A consensus-based optimization method for nonsmooth nonconvex programs with approximated gradient descent scheme
Jiazhen Wei, Fan Wu, Wei Bian
TL;DR
This work introduces Extra-Step Consensus-Based Optimization (ESCBO), a derivative-free algorithm that fuses discrete consensus-based optimization with an approximated gradient descent step via forward-difference, enabling global convergence for nonsmooth nonconvex problems while using only function values. The authors prove global consensus occurs at an exponential rate in L^2 and almost surely, establish an error bound between the consensus point and the global minimum that vanishes as β→∞ with rate O(log β/β) under smoothness assumptions, and derive iteration complexity in expectation of O(log(1/ε)) to achieve ε accuracy.
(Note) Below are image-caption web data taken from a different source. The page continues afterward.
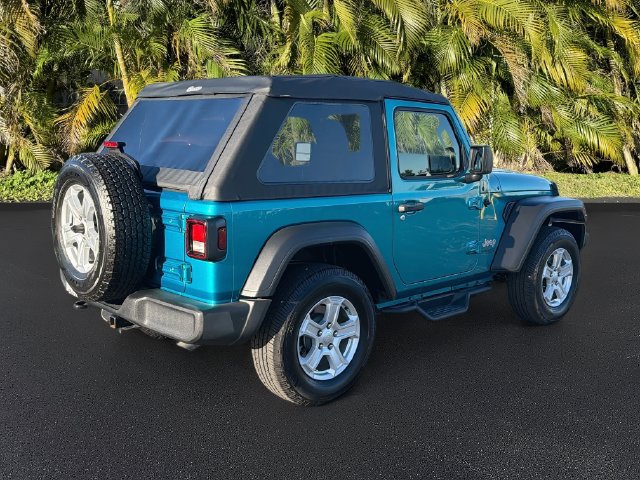 Used 2019 Jeep Wrangler Sport AWD/4WD image 4
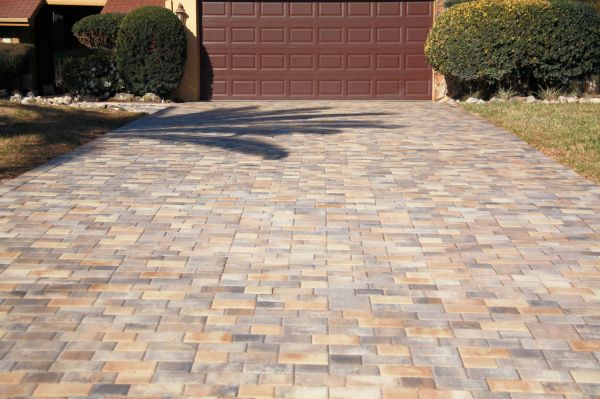 Driveway Pavers Replacement in Fairhope
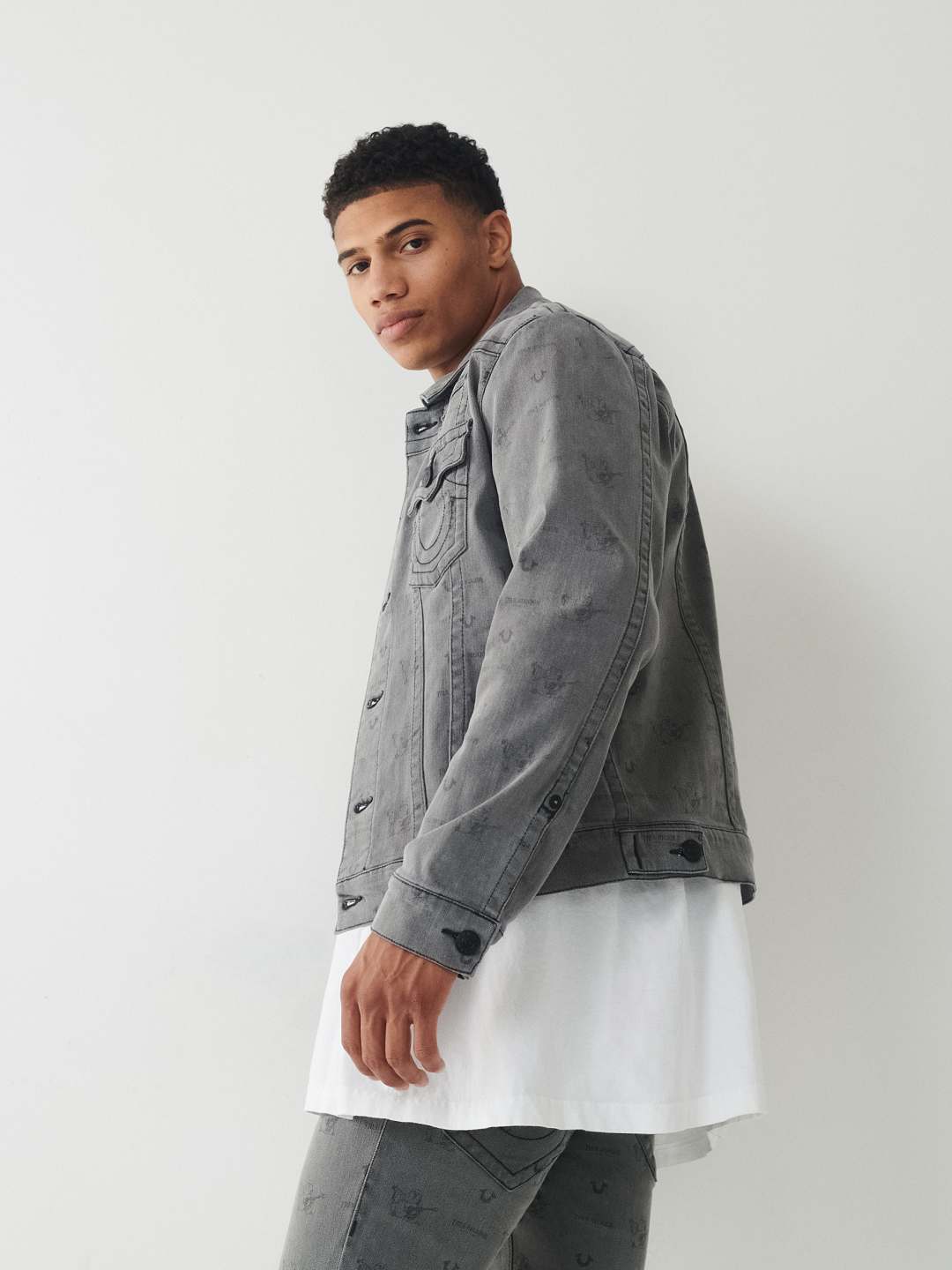 JIMMY DENIM JACKET 
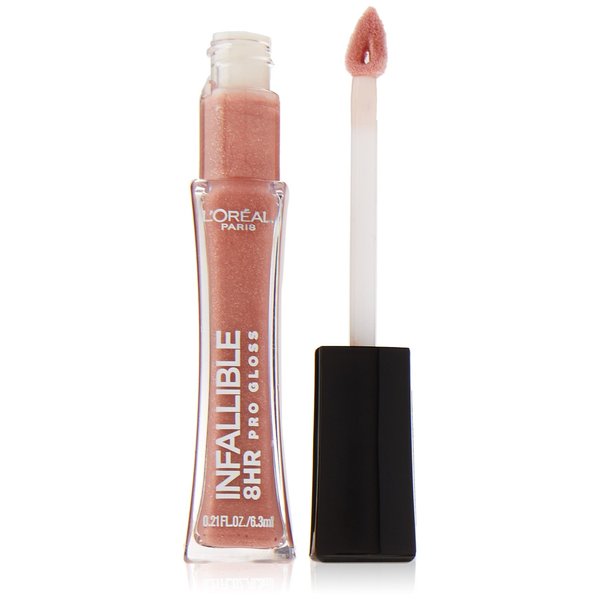 L'Oréal Paris Infallible 8 HR Pro Gloss, Coral Sands, 0.21 fl. oz.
The analysis avoids mean-field limits by using probabilistic tools, martingale arguments, and Laplace-type estimates, and is complemented by numerical experiments on classical benchmarks and DNN training. Practically, ESCBO improves over vanilla-CBO in finding global minimizers and is extendable via a fast mini-batch variant (FESCBO) for large-scale learning tasks. The results highlight a robust, gradient-free pathway to tackling challenging nonconvex optimization with provable guarantees and strong empirical performance.
Abstract
In this paper, we are interested in finding the global minimizer of a nonsmooth nonconvex unconstrained optimization problem. By combining the discrete consensus-based optimization (CBO) algorithm and the gradient descent method, we develop a novel CBO algorithm with an extra gradient descent scheme evaluated by the forward-difference technique on the function values, where only the objective function values are used in the proposed algorithm. First, we prove that the proposed algorithm can exhibit global consensus in an exponential rate in two senses and possess a unique global consensus point. Second, we evaluate the error estimate between the objective function value on the global consensus point and its global minimum. In particular, as the parameter $β$ tends to $\infty$, the error converges to zero and the convergence rate is $\mathcal{O}\left(\frac{\logβ}β\right)$. Third, under some suitable assumptions on the objective function, we provide the number of iterations required for the mean square error in expectation to reach the desired accuracy. It is worth underlining that the theoretical analysis in this paper does not use the mean-field limit. Finally, we illustrate the improved efficiency and promising performance of our novel CBO method through some experiments on several nonconvex benchmark problems and the application to train deep neural networks.